[[ The data, beginning ]]
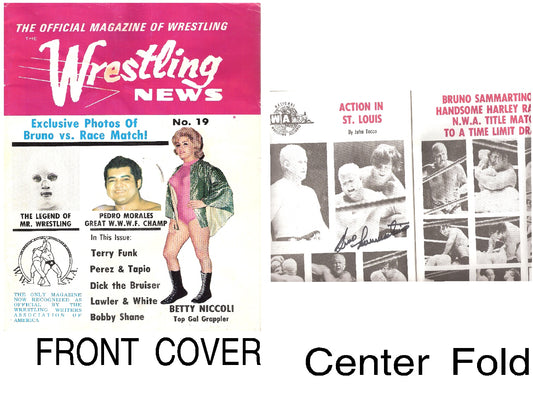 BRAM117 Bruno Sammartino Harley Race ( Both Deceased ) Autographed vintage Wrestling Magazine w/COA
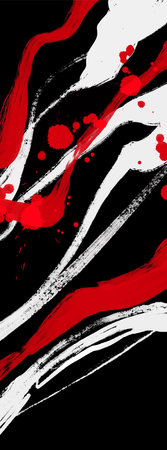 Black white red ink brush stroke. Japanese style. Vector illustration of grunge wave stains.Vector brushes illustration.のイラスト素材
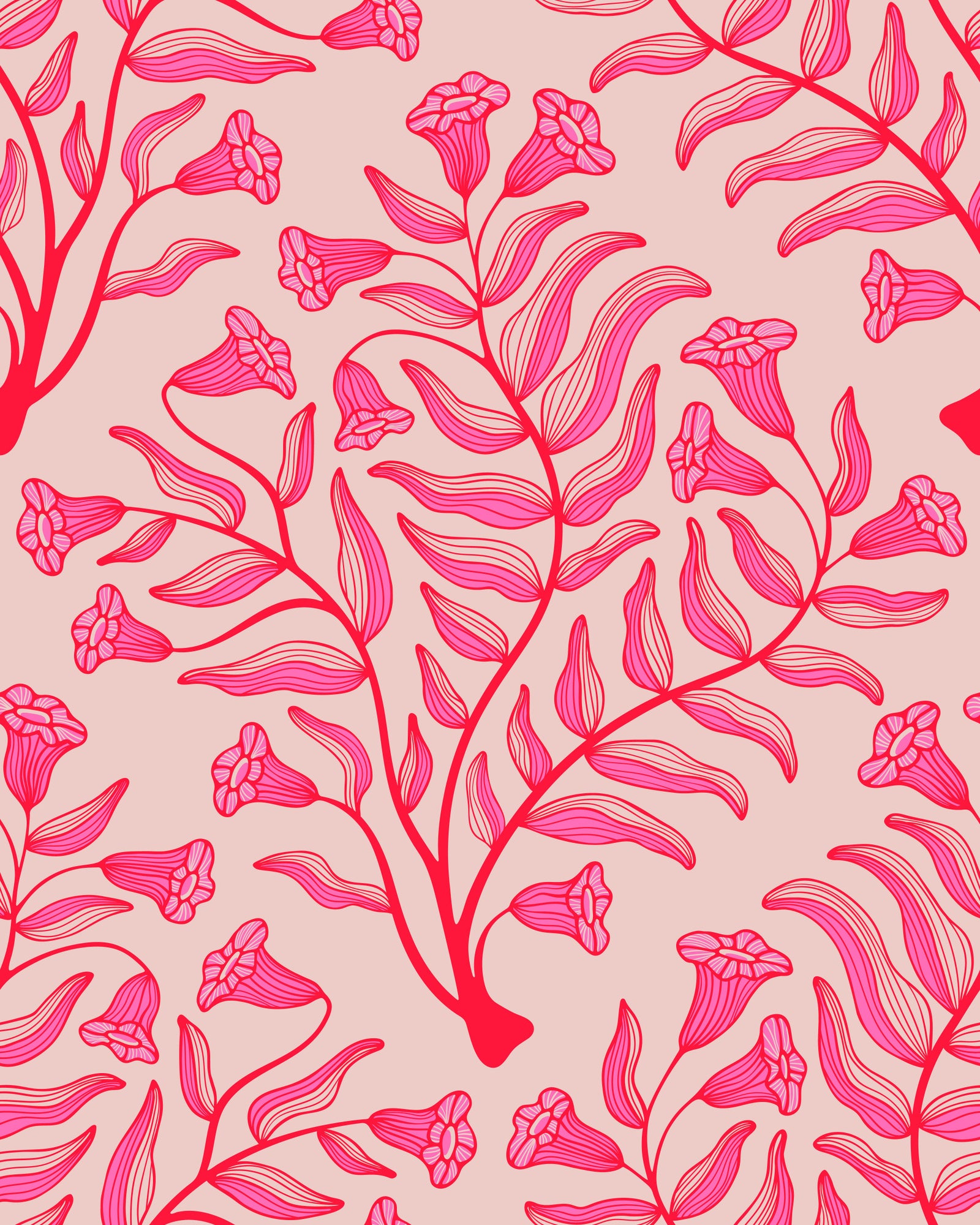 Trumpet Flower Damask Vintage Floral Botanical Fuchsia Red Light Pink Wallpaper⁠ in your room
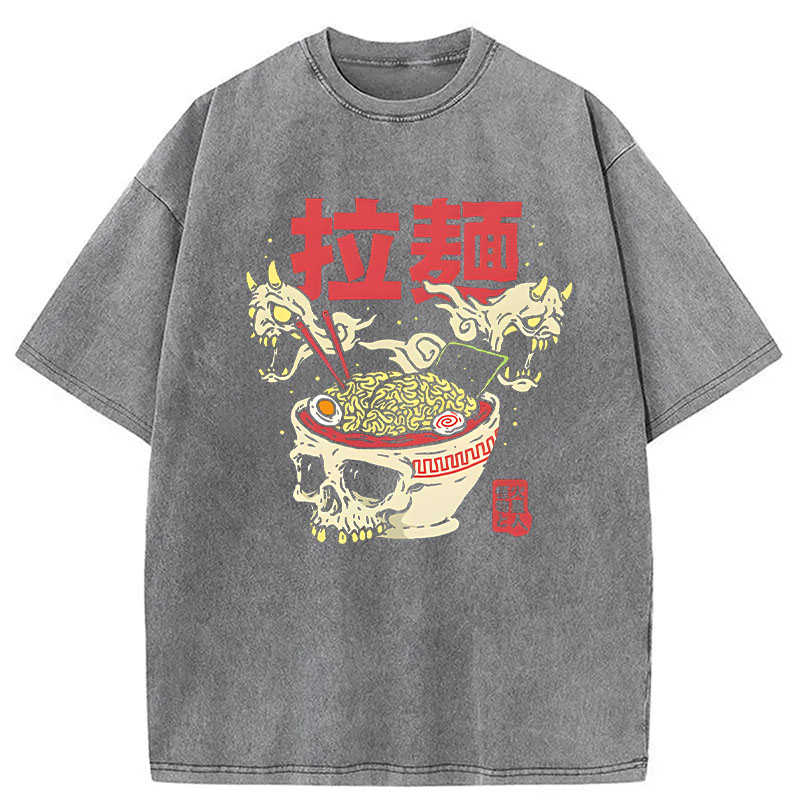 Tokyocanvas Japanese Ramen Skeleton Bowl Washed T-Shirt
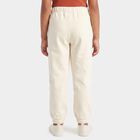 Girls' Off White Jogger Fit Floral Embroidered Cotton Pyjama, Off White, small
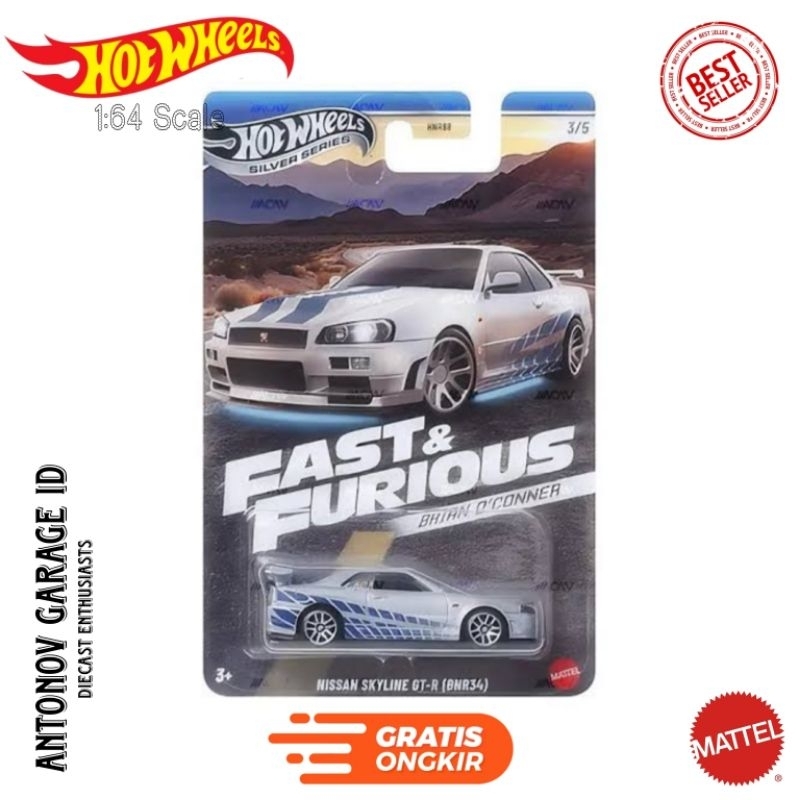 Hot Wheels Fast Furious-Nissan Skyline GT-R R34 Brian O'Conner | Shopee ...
[[ The data, end ]]
[[ The data, beginning ]]
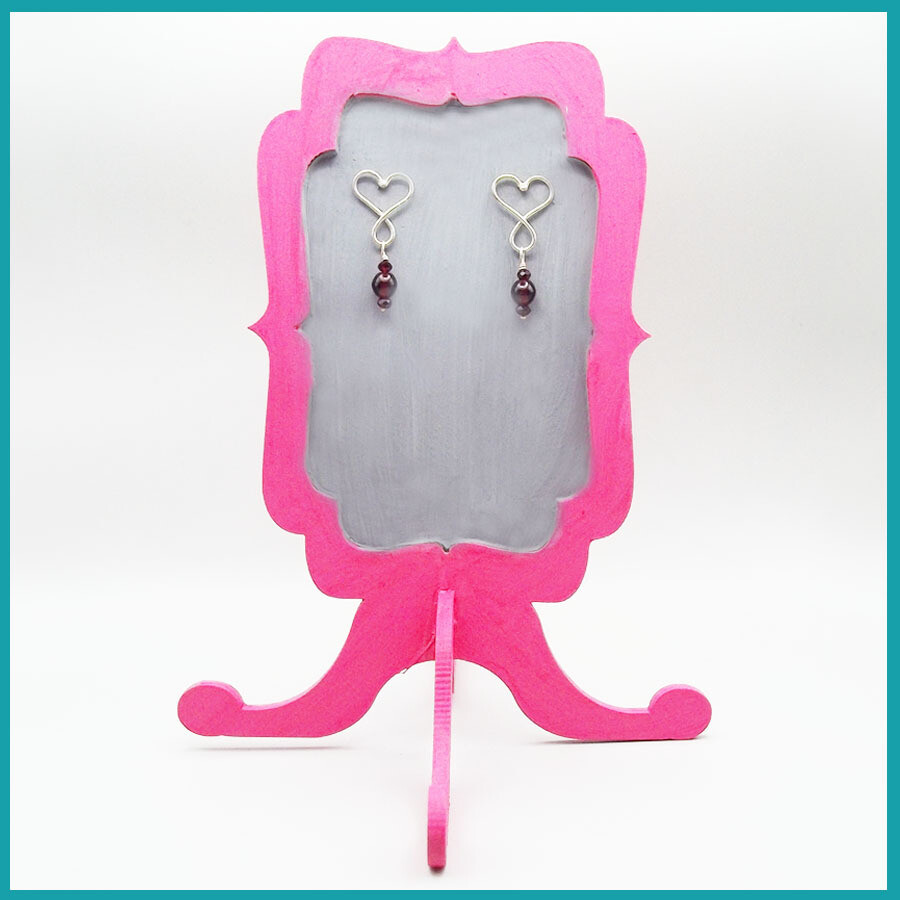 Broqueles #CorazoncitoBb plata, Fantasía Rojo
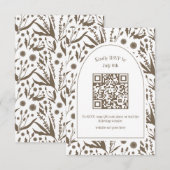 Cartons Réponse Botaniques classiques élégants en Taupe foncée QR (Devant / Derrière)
[[ The data, end ]]
[[ The data, beginning ]]
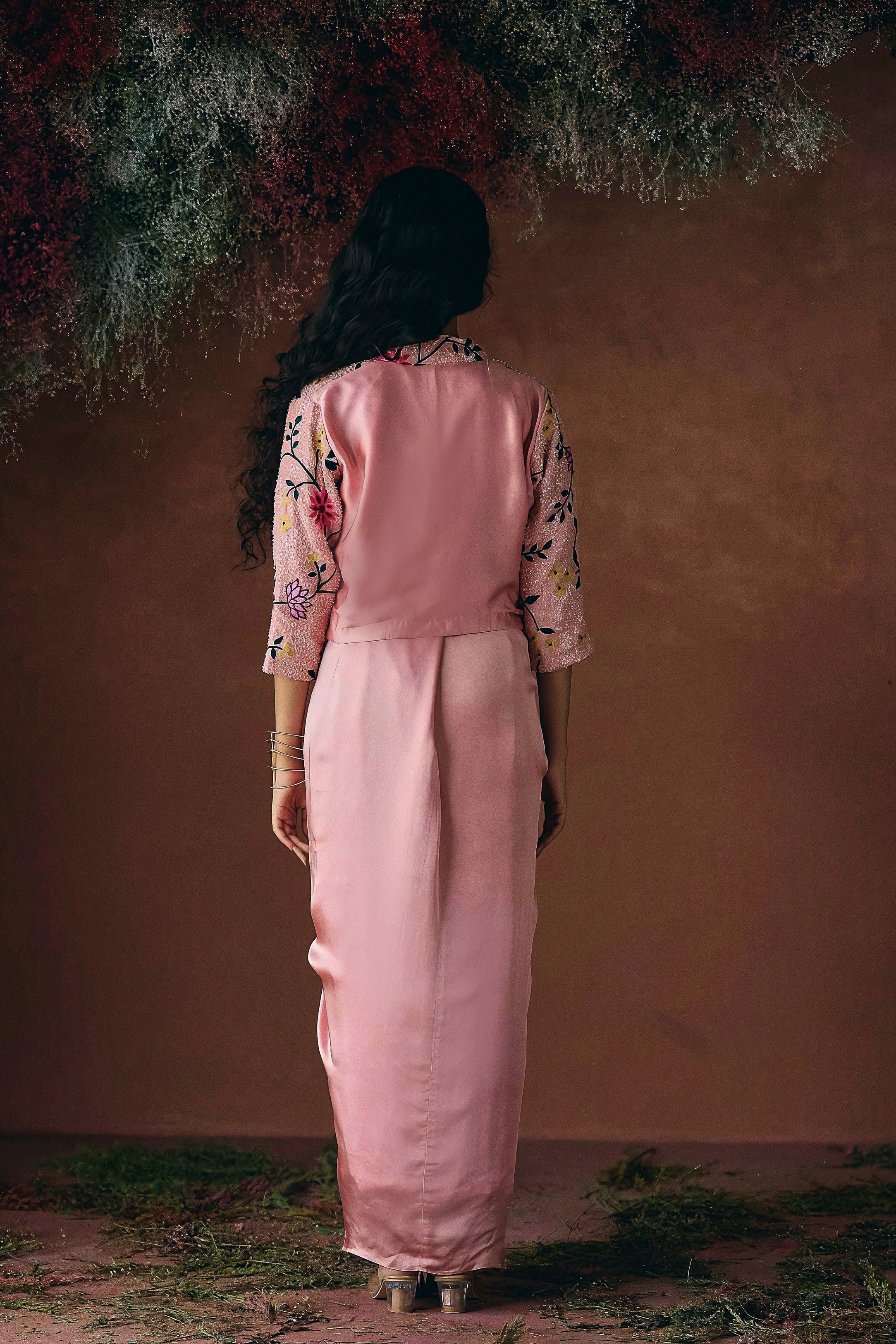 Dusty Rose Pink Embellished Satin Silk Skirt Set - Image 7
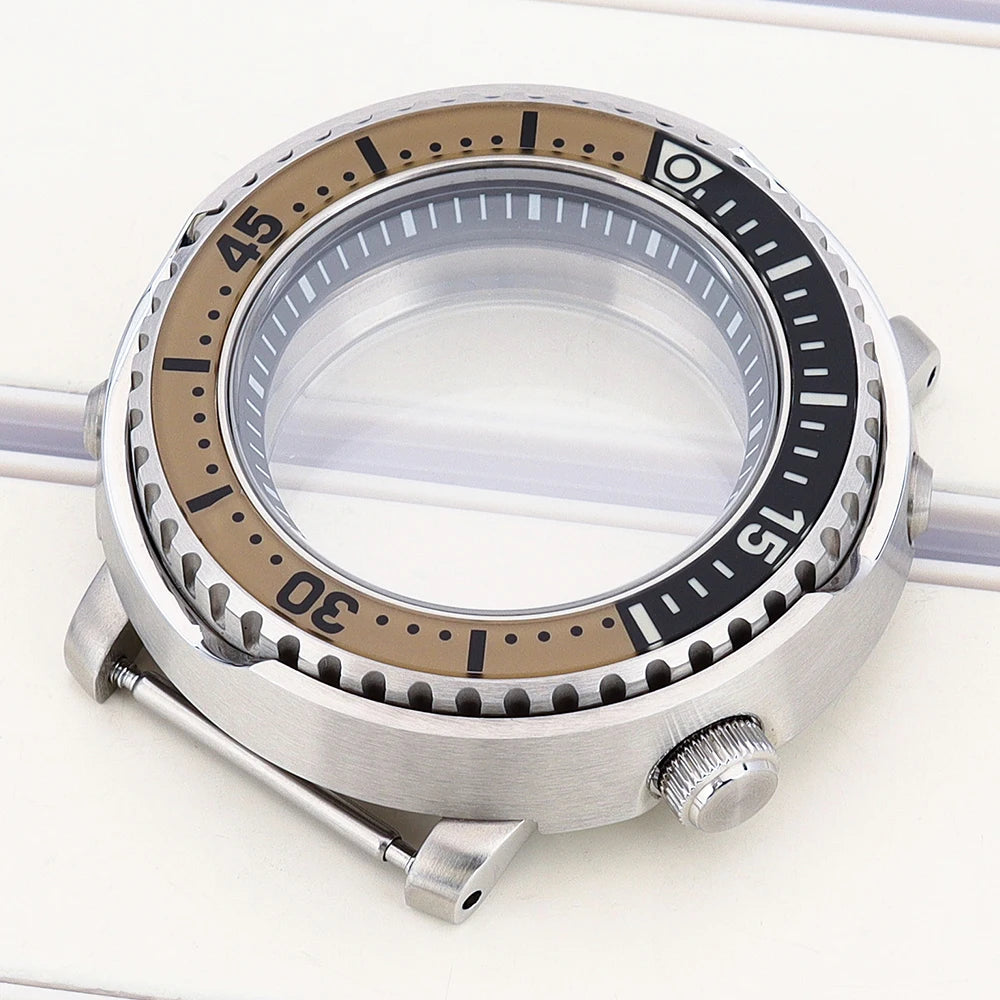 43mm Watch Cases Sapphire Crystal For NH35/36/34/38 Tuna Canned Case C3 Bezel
[[ The data, end ]]
### What the exercise asks
In the listing above, find the line with "BRAM117 Bruno Sammartino" and the line with "Black white red". Copy exactly those two and every line between, without the pictures.

### Task answer
 BRAM117 Bruno Sammartino Harley Race ( Both Deceased ) Autographed vintage Wrestling Magazine w/COA
 Black white red ink brush stroke. Japanese style. Vector illustration of grunge wave stains.Vector brushes illustration.のイラスト素材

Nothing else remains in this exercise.